Requirement: Would you please retype, exactly, the lines of the listing below between the line with "Steven Gerrard takes" and the line with "Imagen del tsunami", inclusive?

Dataset records:
───
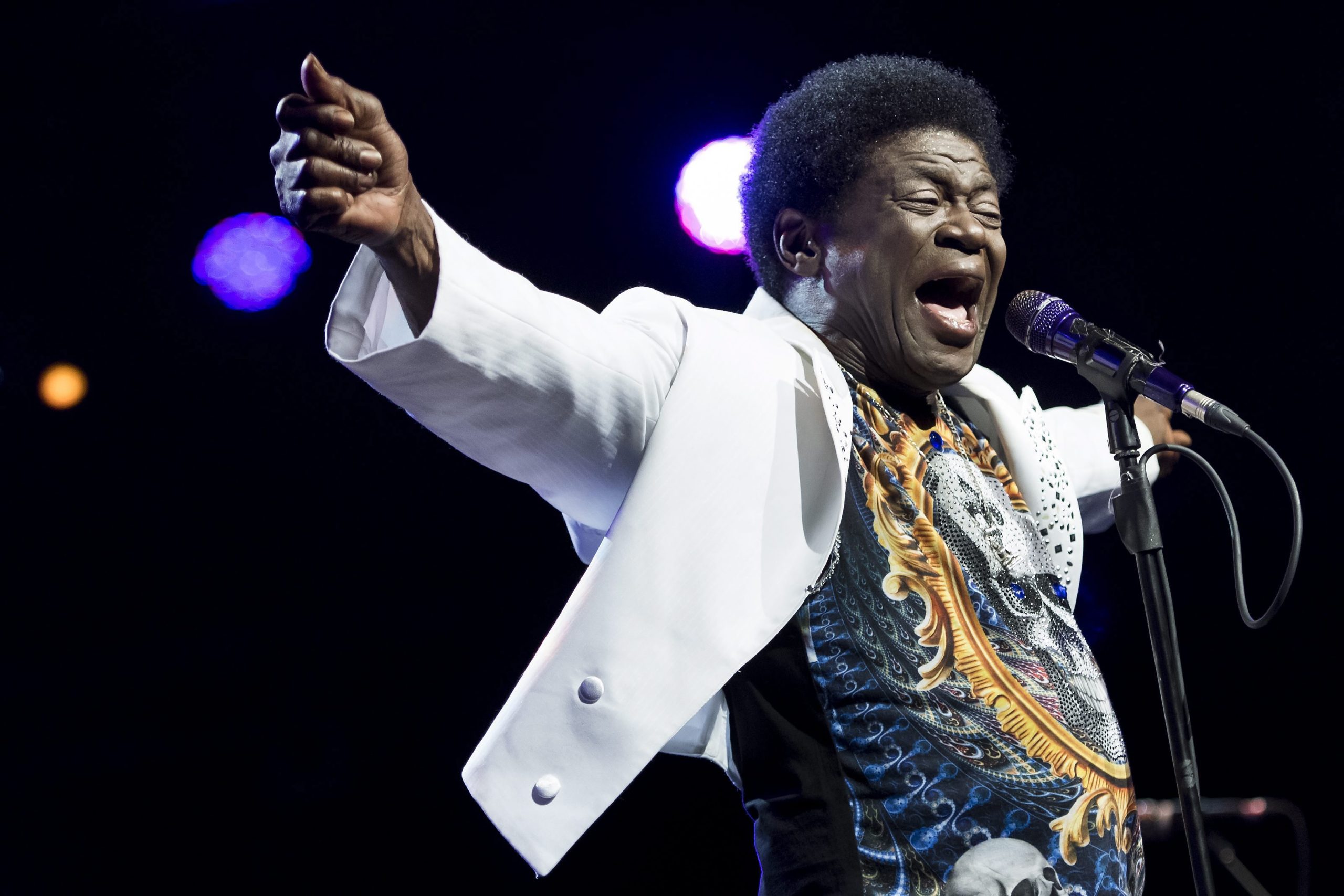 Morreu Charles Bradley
───
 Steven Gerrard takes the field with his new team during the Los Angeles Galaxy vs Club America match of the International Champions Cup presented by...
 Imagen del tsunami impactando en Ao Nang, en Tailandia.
───
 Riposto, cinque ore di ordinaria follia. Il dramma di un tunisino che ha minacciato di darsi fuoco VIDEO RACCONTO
───
Result of this task:
 Steven Gerrard takes the field with his new team during the Los Angeles Galaxy vs Club America match of the International Champions Cup presented by...
 Imagen del tsunami impactando en Ao Nang, en Tailandia.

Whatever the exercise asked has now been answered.